Spectrum of Haemoglobinopathies: A Hospital Based Study in Uttarakhand EC18-EC21
Dr. Shivani Nayar,
H. No. 1012, Sector 11C, Chandigarh-160011, Union Territory, India.
Introduction: Haemoglobinopathy is a worldwide inherited problem as recognized by WHO and care of affected patients incurs heavy expense on the limited resources of developing countries. There is a need for prevention of births of children with clinically significant haemoglobinopathies by population screening. Cation Exchange-High Performance Liquid Chromatography (CE-HPLC) has emerged to be a simple and precise method to quantify HbA2, HbF and other variant haemoglobins with certain limitations.
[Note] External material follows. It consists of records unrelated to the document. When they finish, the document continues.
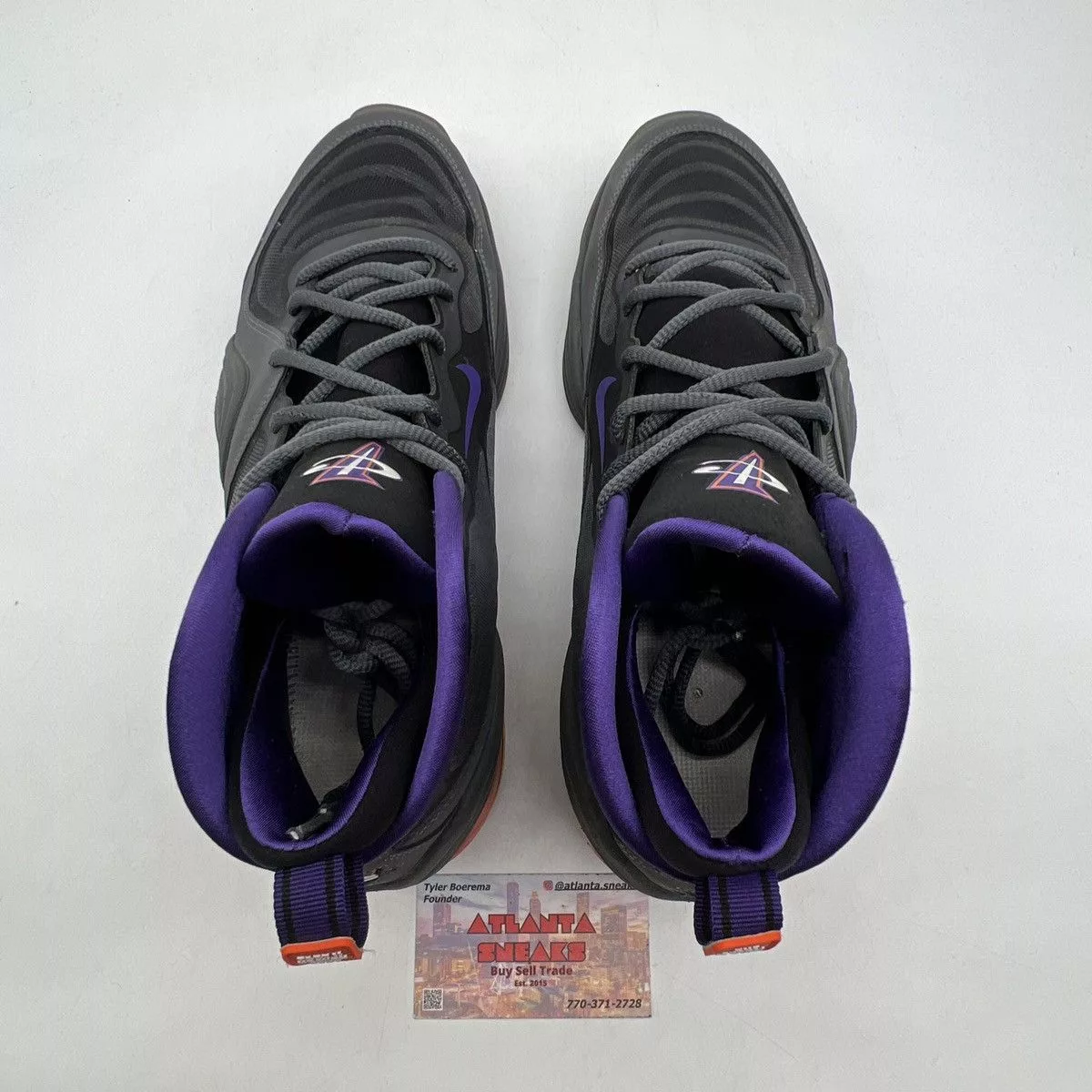 Nike Hi Top Sneakers Nike Air Penny 5 phoenix Gray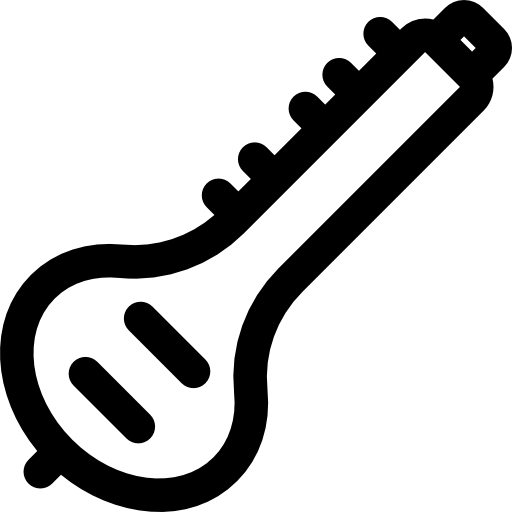 Sitar Basic Rounded Lineal icon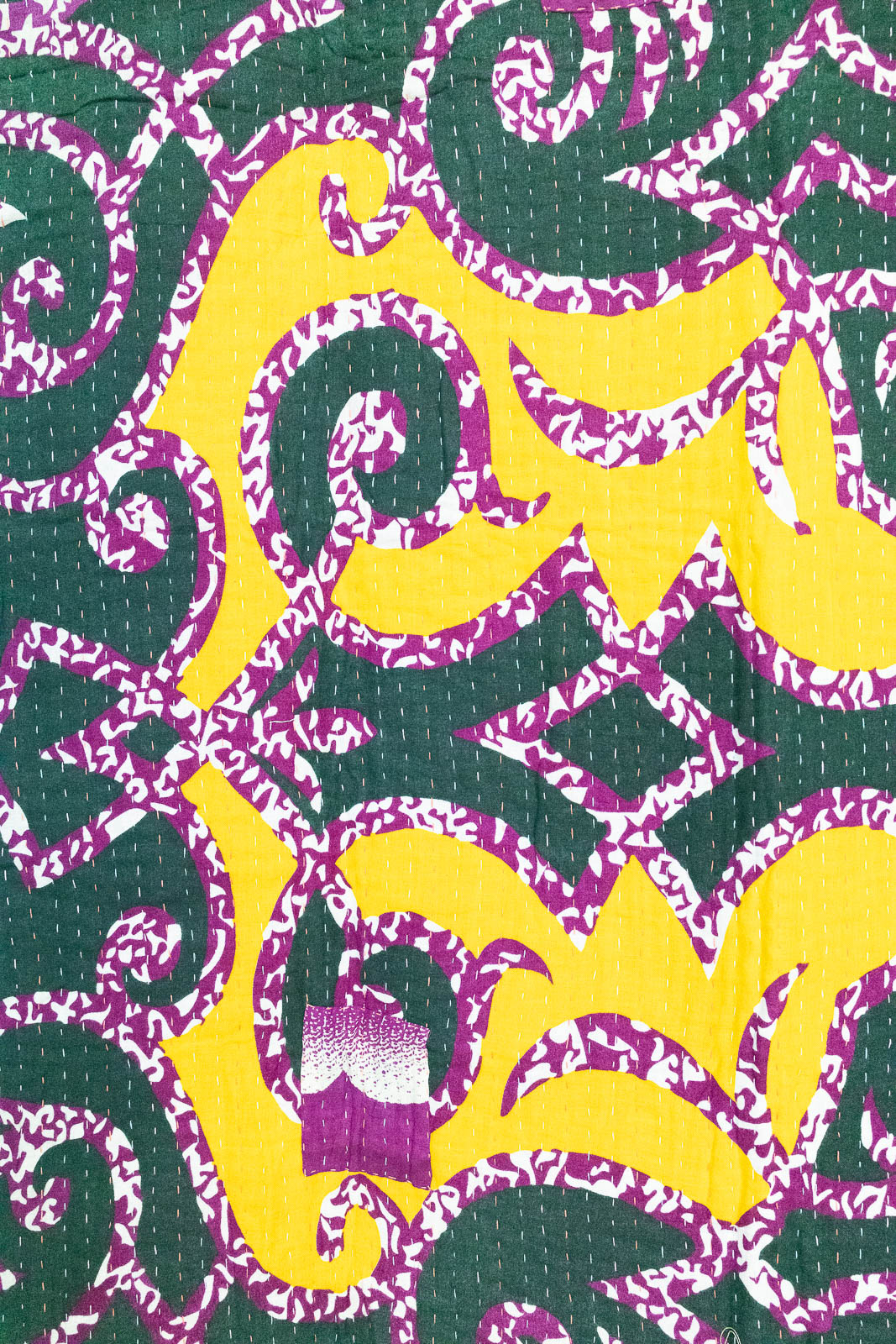 Rosy Kantha Throw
Most of the variant haemoglobins can be identified by their retention times, percentages and peak characteristics.
Aim: The present study was undertaken to assess the prevalence and spectrum of various haemoglobinopathies in patients reporting to a tertiary health care centre in Uttarakhand, India.
Materials and Methods: This was a prospective study conducted on 8144 samples. RBC indices were obtained by sysmex XP 100. CE-HPLC was performed on Biorad D10. The variant haemoglobins were identified on the basis of their percentages, retention times and peak characteristics. Peripheral blood film, reticulocyte count, HbH inclusion and sickling test were done in selected cases. Continuous variables were expressed as mean±SD. Categorical variables were expressed as percentages.
Results: Antenatal population formed the bulk of the 8144 cases enrolled in this study. Haemoglobinopathy was seen in 5.9% of the cases with ß thalassaemia trait being the commonest abnormality (2.82% of cases). HbD (Punjab) trait was the commonest variant haemoglobin encountered in the study population. There was a significant difference in percentages of variant fractions between compound heterozygotes and variant traits. A presumptive diagnosis of alpha thalassaemia trait was rendered based on RBC indices, iron profile and chromatogram study. Molecular studies were recommended in 81 cases with borderline increase in HbA2 levels to rule out silent mutations.
Conclusion: A reasonably high frequency (5.9%) of haemoglobinopathies warrants a routine antenatal screening of total population. An accurate diagnosis can be made in majority of cases by haematological parameters, CE-HPLC chromatograms, cascade screening for haemoglobinopathies and spouses of antenatal cases positive for haemoglobinopathy.